Decisione di fatto presa poiché lo stesso governo federale aveva nel frattempo deciso di chiudere scuole, bar, ristoranti, etc. a partire dal 16 marzo e fino al 19 aprile.
Ci fermiamo qui in questa breve ricostruzione che segnala errori, incertezze, indecisioni che, è evidente, hanno avuto conseguenze importanti sullo sviluppo della pandemia in Ticino. Sviluppi dei quali sicuramente si deve essere reso conto il Consiglio di Stato che poi ha cercato di correre ai ripari, di fronte allo sviluppo della stessa, prendendo misure sicuramente più incisive come quelle di chiudere i cantieri e le attività produttive non necessarie. Chiusura che settimana dopo settimana è sempre più rimessa in discussione, sia dalle risoluzioni governative settimanali che dal comportamento irresponsabile di diverse aziende.

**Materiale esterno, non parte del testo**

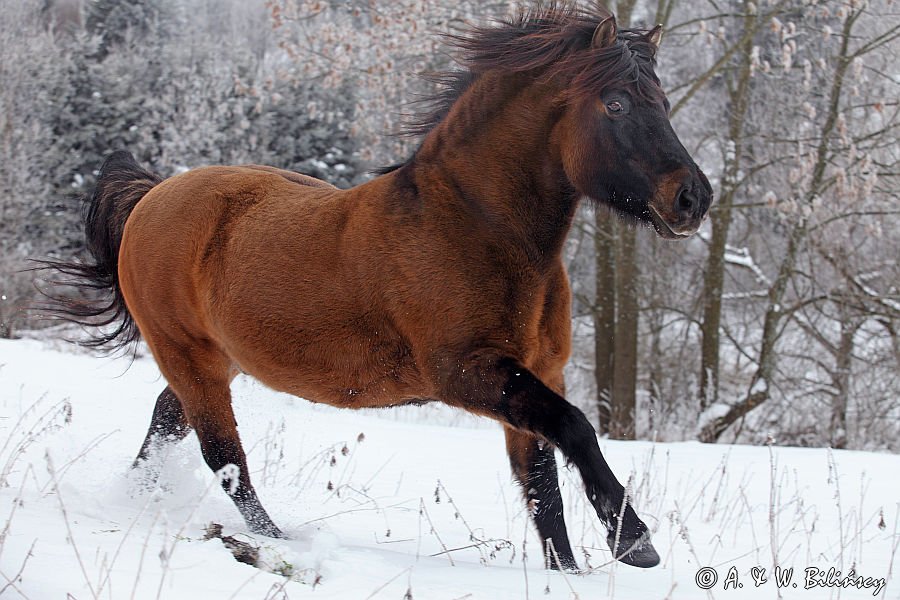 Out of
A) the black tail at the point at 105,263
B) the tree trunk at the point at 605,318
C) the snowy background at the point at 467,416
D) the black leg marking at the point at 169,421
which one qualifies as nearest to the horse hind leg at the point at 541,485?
the snowy background at the point at 467,416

Malgrado le date richiamate qui sopra (e gli eventi sicuramente dubbi come i Carnevali di Bellinzona e Lugano) nella conferenza stampa del 24 febbraio il governo dichiarava che “ha preso atto del resoconto del gruppo di coordinamento cantonale e ha deciso di non imporre alcuna restrizione su eventi pubblici, scuole, bar e ristoranti, al contrario di quanto hanno deciso alcune regioni italiane”. 48 ore dopo, come abbiamo ricordato qui sopra, il governo decide di proibire i carnevali ancora da tenere, di vietare le partite di hockey e le gite scolastiche fino a fine marzo.
Non si capisce che cosa abbia spinto a questo, seppur minimo, cambiamento visto che, ancora il 24 febbraio, confermando di non voler prendere misure il governo aveva, deciso, all’unanimità, sulla base delle proposte del gruppo di esperti creato qualche settimana prima.
Tutti questi elementi avrebbero dovuto spingere perlomeno ad una discussione su modi e forme con le quali venivano assunte queste decisioni; in particolare avevamo espresso la necessità che una discussione su questo modo di procedere (sostanzialmente reattivo e non preventivo) fosse sottoposto ad una discussione parlamentare.
Per questo l’MPS aveva sottoposto un’interpellanza per la seduta del GC dello scorso 9 marzo; sulla base delle risposte del governo i deputati dell’MPS avevano chiesto una discussione generale: ci sembrava che, di fronte ad una catastrofe che ormai si evidenziava all’orizzonte, fosse il minimo che il Parlamento cantonale avesse uno scambio di opinioni. Ma, praticamente tutti i partiti, hanno rifiuto la proposta dell’MPS di una discussione generale.
Poi, nei giorni successivi, abbiamo assistito alla pubblicazione di documenti provenienti dal mondo sanitario che mostravano come, da tempo, gli esperti avessero spinto verso misure molto più radicali e che, così pare di capire, non abbiano ricevuto la necessaria attenzione da parte del governo.
Il brevissimo sviluppo dei fatti (se ne potrebbero aggiungere molti altri) ci spinge a farle presente la necessità che, ritornata una situazione di normalità sanitaria, il Parlamento indaghi (se necessario anche attraverso la costituzione di una CPI) su come sono andate le cose, sulle decisioni prese e su quali basi sono state prese (avendo magari accesso ai resoconti del gruppo di esperti, così come alle prese di posizione – pubbliche e non – di altri esperti); in particolare si tratterà di verificare se erano possibili, auspicati e auspicabili altre decisioni che avrebbero verosimilmente avuto un impatto diverso sulla sviluppo dell’epidemia.
Le segnaliamo formalmente questa nostra intenzione, riservandoci, di presentare una formale richiesta in questo senso.